Tooling is also of great importance. It is possible to write a lot of code and stitch-scripts to try to build all of the abovementioned functionality. However, once your work scales – and we’d argue that even before scale happens – it becomes impossible to handle.

For us, it did not make sense to build such tools on our own. We wanted to stay laser-focused on building the best auto-detection solutions for the security screening market. All the functionalities listed above are what a best-of-breed MLOps solution should deliver in our opinion. However, most often, the functionalities are only to be found in several individual solutions that need to be integrated together.

This is why we chose ClearML Enterprise as the toolchain of choice for us. It provides all of the functionality in a single, highly-integrated toolchain. It is also very easy to build specialized pipelines on top of, and to connect it to the rest of your research or production environment. Moreover, what was invaluable for our work was the ability to modify and add data on-the-fly within ClearML. In ClearML, data management is highly integrated to experiment management, so once a data collection engineer uploads a new dataset version, we are able to immediately track results and see its effect in real-time. As one simple example, it enables us to discover mislabeling issues and verify the fix very quickly.
You can read more about why and how we use ClearML (f.k.a. Allegro Trains) in this blog post.

The bottom line

In this blog post, we explored a data creation method that is the opposite of traditional methods – building your test-set first, then deriving the train-set from it. We explain why for companies doing deep learning, it is a great method to deal with the data acquisition costs.
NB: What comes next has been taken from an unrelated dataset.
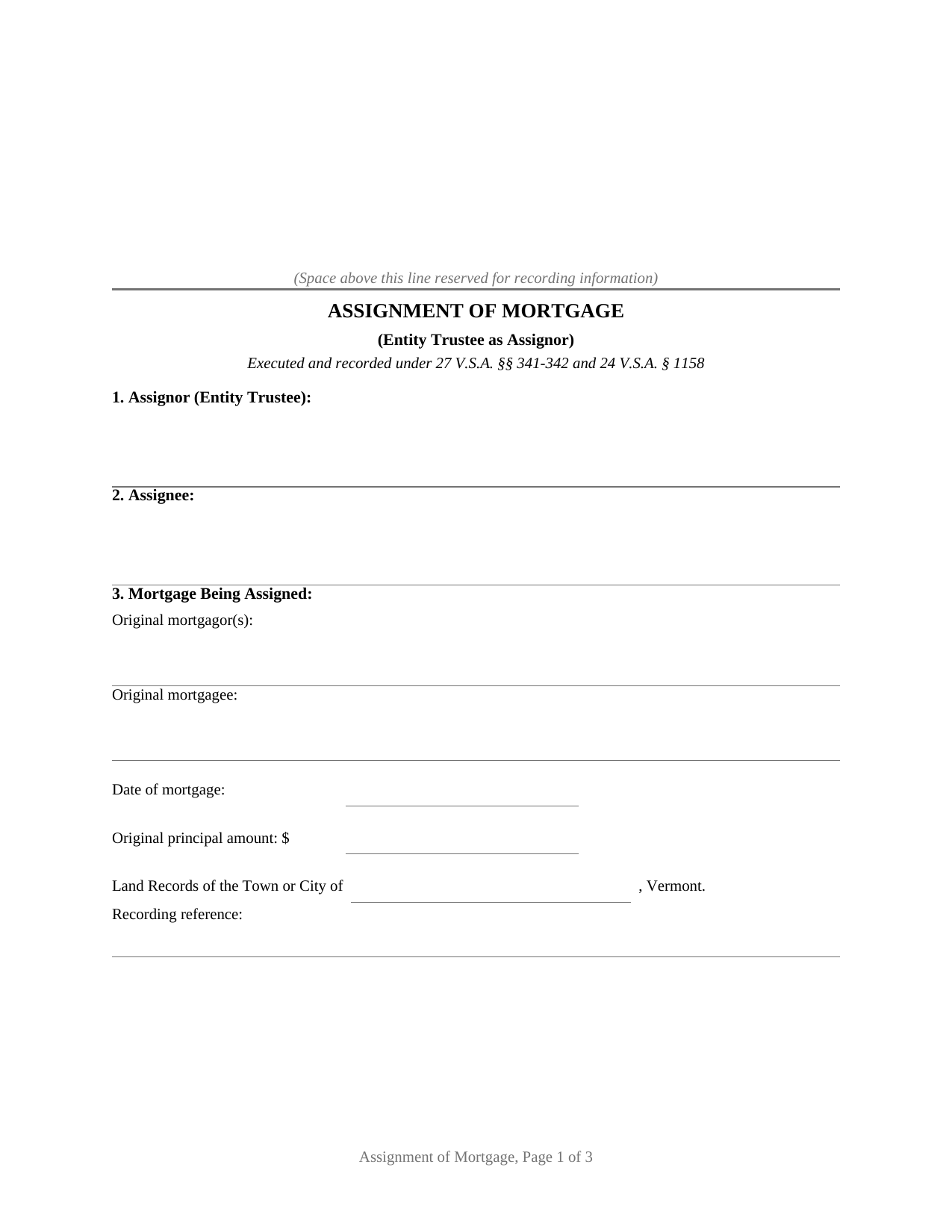 Vermont Assignment of Mortgage (Entity Trustee)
This methodology of focusing on the test-set first also helps data science organizations get a more intimate understanding of the nature of their data “in the wild.” This leads to the creation of higher-quality datasets (both train-set and test-set) that ultimately lead to higher performing models at lower costs, which is the end target of any such undertaking.

It is also important to note that, while doable, managing the entire data lifecycle on your own brings a new layer of significant complexity and one should seriously consider purpose-built tool(s) for the task.